Gentoostats project tasks itself with the deployment, maintenance and continued development of "gentoostats", a software that collects various statistics from Gentoo machines.

About Gentoostats

Gentoostats is written by Vikraman Choudhury as a Google Summer Code 2011 project. It is written in Python and implements a client-server model. The server component is a WSGI web application, built using the webpy framework. The client component uses the Portage API to collect various statistics from a Gentoo machine, encodes it in the JSON format and submits it to the server. Users have the ability to configure which information is to be transmitted according to their privacy needs.

Warning
This page is a work in progress by gokturk (talk | contribs). Treat its contents with caution.

Suggested Features

Upload package build time statistics (veremit)

Instead of reporting it in absolute time, look into using a relative measure like SBU (see: https://en.wikipedia.org/wiki/Linux_From_Scratch#Standard_build_unit).

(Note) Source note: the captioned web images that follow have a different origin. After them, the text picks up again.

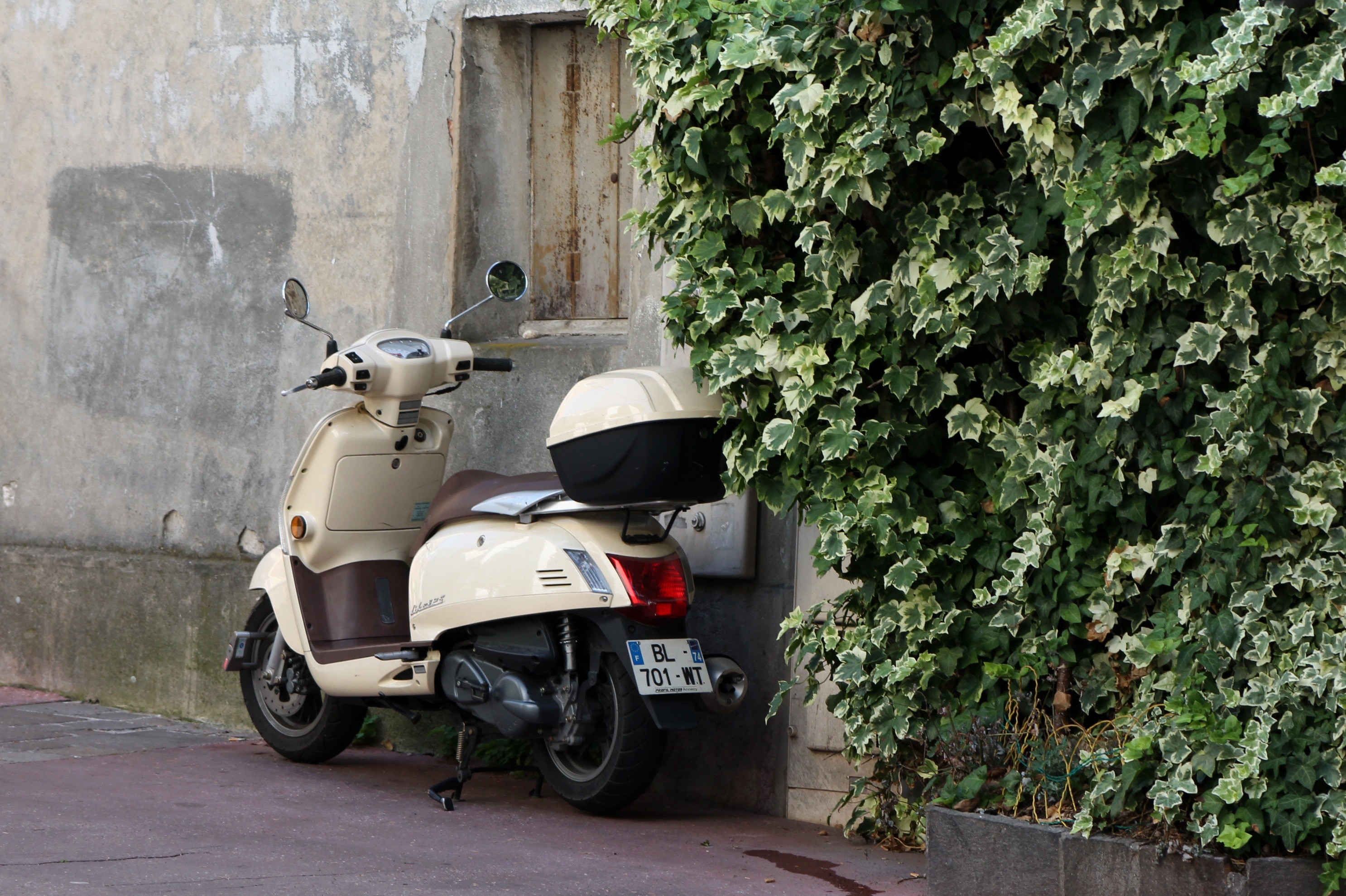 beige and brown automatic motor scooter
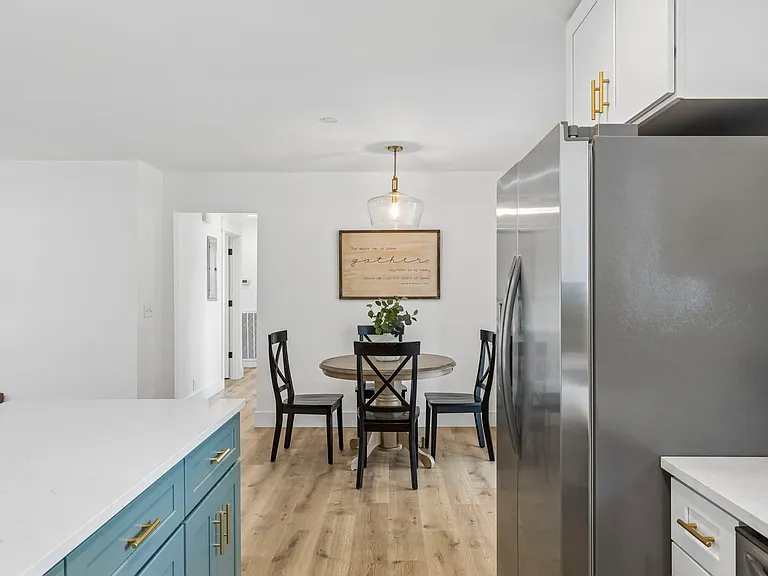 4006 Westwood Dr — Photo 8
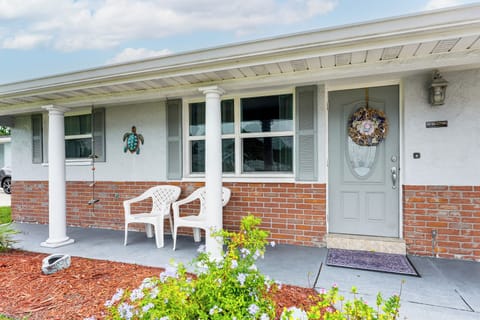 Largo Vacation Rental | 2BR | 2BA | 1,250 Sq Ft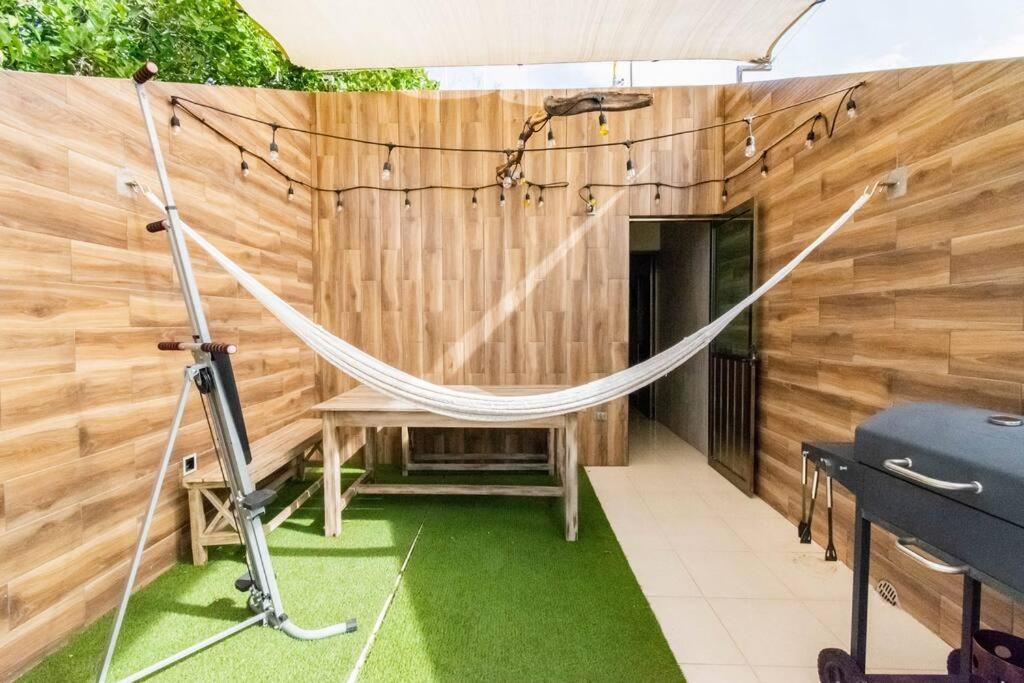 Cenote Penthouse Terraza & Jacuzzi Panoramicos, Muy Amplio, 2 Pisos Tu Uso Personal Y Exclusivo, 3 Recamaras, Excelente Ubicacion, La Playa Y La Quinta Av Caminando A 10 Minutos, Cerca De Restaurantes, Bares, Bancos, Nomadas Digitales 150 Mbps *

Distributed collection servers

Make multiple servers exchange and sync stats with each other. This is similar to the pgp keyservers and the goal is to distribute the load and combat DDOS. The major problem is the collision of host UUIDs across multiple independent servers. Second problem is the trust between servers for which solutions exist. Since the database will grow significantly large, some form of delta-sync will be necessary.

Open Problems

Validity of the submitted samples

There's no mechanism to stop a malicious user from flooding the server by synthetically creating a large set of statistics reports and submitting them. There's no way to prove that the submitted statistics come from an actual installation. This can be utilized in the form of denial of service or skewing the statistics. Some form of rate limiting and snapshotting may be useful.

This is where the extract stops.